私を含む約80名は,その軍属に組み込まれ,ハルピンの通称327部隊(野戦兵器廠暗爾演支廠)に出頭しました。私は,そこで,ハルピンの北方約60キロメートルの位置にある興隆鎮という街から5キロメートルほど離れたところに建設されていた弾薬庫基地(興隆鎮出張所)の警備隊の補助隊員として勤務することを命じられたのです。
2 興隆鎮での任務内容
興隆鎮での主な任務は,正規の軍人の補助として,弾薬庫の警備に当たるのが主な仕事でした。
当時の弾薬庫基地の様子を思い出して私が描いたのか,別紙2 の見取り図です。

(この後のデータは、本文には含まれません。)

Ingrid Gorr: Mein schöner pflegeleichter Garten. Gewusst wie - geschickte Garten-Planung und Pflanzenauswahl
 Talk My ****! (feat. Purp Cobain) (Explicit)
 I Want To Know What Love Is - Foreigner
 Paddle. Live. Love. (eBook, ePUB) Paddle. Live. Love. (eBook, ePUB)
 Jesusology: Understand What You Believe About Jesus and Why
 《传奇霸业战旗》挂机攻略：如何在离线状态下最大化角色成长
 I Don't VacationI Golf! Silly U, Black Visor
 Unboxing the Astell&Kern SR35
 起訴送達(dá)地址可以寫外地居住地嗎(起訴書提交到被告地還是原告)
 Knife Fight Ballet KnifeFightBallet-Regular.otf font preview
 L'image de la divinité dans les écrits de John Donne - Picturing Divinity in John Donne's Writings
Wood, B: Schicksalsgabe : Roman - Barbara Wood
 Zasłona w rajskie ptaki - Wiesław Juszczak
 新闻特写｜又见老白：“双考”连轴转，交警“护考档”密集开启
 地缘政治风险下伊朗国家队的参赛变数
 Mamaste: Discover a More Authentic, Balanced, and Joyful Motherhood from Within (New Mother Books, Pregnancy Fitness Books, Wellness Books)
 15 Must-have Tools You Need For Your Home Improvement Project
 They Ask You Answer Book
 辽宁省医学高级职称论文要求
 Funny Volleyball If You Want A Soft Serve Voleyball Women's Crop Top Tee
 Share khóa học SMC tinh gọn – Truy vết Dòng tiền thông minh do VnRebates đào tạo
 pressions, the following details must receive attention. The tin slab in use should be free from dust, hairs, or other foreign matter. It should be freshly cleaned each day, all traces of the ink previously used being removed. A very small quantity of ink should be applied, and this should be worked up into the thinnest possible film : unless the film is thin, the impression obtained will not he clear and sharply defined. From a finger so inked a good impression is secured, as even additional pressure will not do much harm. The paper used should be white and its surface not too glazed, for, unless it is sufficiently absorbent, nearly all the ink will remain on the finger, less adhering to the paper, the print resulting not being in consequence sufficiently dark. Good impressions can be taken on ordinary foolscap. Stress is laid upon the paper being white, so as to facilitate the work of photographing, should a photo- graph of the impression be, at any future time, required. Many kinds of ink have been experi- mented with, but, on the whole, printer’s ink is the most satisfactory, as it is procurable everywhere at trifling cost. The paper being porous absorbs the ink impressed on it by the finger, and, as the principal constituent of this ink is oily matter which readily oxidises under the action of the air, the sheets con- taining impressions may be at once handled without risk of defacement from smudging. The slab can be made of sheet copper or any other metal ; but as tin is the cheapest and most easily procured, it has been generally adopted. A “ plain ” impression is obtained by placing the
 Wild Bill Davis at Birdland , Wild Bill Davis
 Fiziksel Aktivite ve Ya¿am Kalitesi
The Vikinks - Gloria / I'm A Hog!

基地全体の広さは約4キロ四方ほどで,その敷地の中に,図に描いたように本部建物,兵舎,衛兵所,見張所,巡回コース等が存在し,また, 1棟約20坪ほどの大きさの弾薬庫が80棟ほど散在していました。
この基地内は起伏に富んでおり,多くの丘や谷がある地域で,丘と丘との間に弾薬庫を散在させることで弾薬が爆発したときに,他の弾薬庫に被害が及ばないようにしていたのだと思います。また,弾薬庫が多数あることをカモフラージュするために,弾薬庫の周りには多くの柳の木が植えられていました。
私たちの主な任務は,見張所に詰めて,交代で,この基地内を巡回コースに沿って巡回し,基地内に散在している弾薬庫を警備することでした。巡回は毎日24時間行われており,当番の軍属が3名ずつ3ケ所の見張所(第1見張所, 第2見張所,第3見張所)に詰め,それぞれ1時間交代で,巡回,立衝,仮眠を繰り返すという方法で行われました。軍人は, 3ケ所の見張り所に1人ずつ配置され,軍属の巡回を監督していました。また, このほかにも特別区見張所があり,そこだけは軍属1人が1時間交代で見張りに立つことになっていました。
この巡回の当番は, 1週間に1回程度の頻度で順番が回ってきました。私は,当番の時は,第2見張所の警備を担当していました。第2 見張所は,別紙2の図面を,正門のあるほうを上にして見たときに右上の角にある見張所です。
警備の当番でない軍属は,軍事訓練係の軍人のもとで軍事訓練をしていました。
また,軍属には,警備以外にも馬の管理や馬に水を飲ませるなどの作業もありました。当時基地には馬が20頭ほどおり,朝は馬の飲用井戸から水を汲んで馬に飲ませるのですが,冬は零下20 度にもなるので大変な作業でした。
私たちは,休みの日でもこの基地の敷地から外に出ることは許されておらず, また,カレンダーなど暦の分かるものが一切ない中で警備の任務を続けました。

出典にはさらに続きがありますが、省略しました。